Explain technologies for data intensive computing.
TECHNOLOGIES FOR DATA-INTENSIVE COMPUTING
The creation of applications that are primarily focused on processing massive amounts of data is referred to as data-intensive computing. Storage systems and programming models form a natural categorization of the technologies that enable data-intensive computing.
1) Storage Systems
- Because of the growth of unstructured data in the form of blogs, Web pages, software logs, and sensor reading the relational model in its original formulation doesn't appear to be the preferable approach for bling large-scale data analytics. Various fields such as scientific computing, enterprise applications, media entertainment, natural language processing, and social network analysis generate a very large quantity of data which is considered a business asset as businesses are realizing the importance of data analytics. So, such an increment in the volume of data requires more efficient data management techniques.
- As we discussed earlier, Cloud computing provides on-demand access to enormous amounts of computing capability enabling developers to create software systems that expand progressively to arbitrary levels of parallelism as software applications and services run on hundreds or thousands of nodes. Traditional computing architectures are not capable to accommodate such a dynamic environment. So, new data management technologies are introduced to support data-intensive computing.
- Distributed file systems play a vital role in big data management providing the interface to store information in the form of files and perform read and write operations later on. Some file system implementations in a cloud environment address the administration of large quantities of data on several nodes. Those file systems comprise data storage support for large computing clusters, supercomputers, parallel architectures, as well as storage and computing clouds.
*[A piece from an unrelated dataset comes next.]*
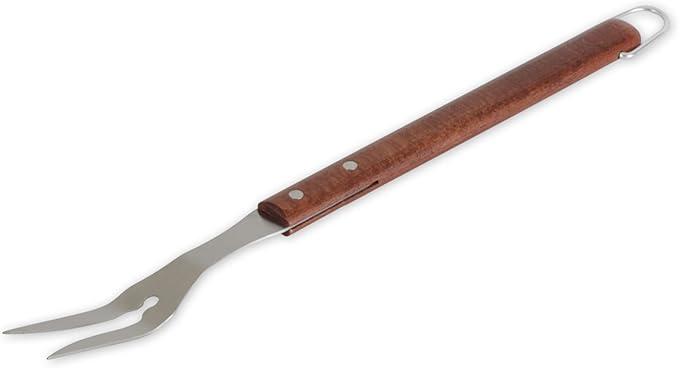 RSVP International Endurance (BQ-FRK) BBQ Grill Fork, 17.25" | Long Handle Keeps Hands Safe from Fire | Made from Stainless Steel & Rosewood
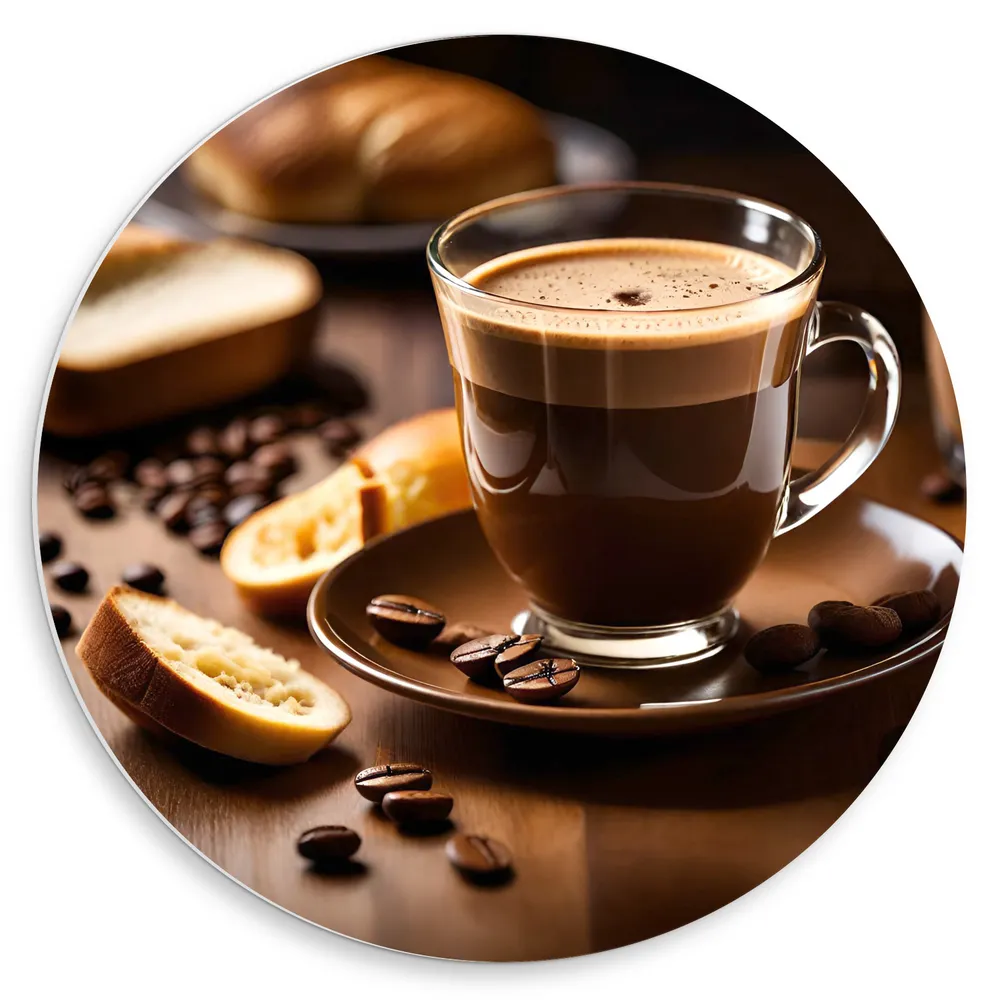 Dibond Muurcirkel - Koffie - Kopje - Bordje - Bonen - Brood - Eten - Drinken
- File systems such as Lustre, IBM General Parallel File System (GPFS), Google File System (GFS) Sector/Sphere, and Amazon Simple Storage Service (S3) are widely used for high-performance distributed file systems and storage clouds.
Lustre
The Lustre file system is an open-source, parallel file system that meets many of the needs of high-performance computing simulation settings. The Lustre file system grew from a research project at Carnegie Mellon University to a file system that supports some of the world's most powerful supercomputers. Lustre is meant to enable access to petabytes (PBS) of storage while serving thousands of clients at hundreds of gigabytes per second (GB/s). Lustre provides a POSIX-compliant file system interface and can grow to thousands of clients, petabytes of storage, and hundreds of gigabytes per second of I/O bandwidth. The Metadata Servers (MDS), Metadata Targets (MDT), Object Storage Servers (OSS), Object Server Targets (OST), and Lustre clients are the core components of the Lustre file system.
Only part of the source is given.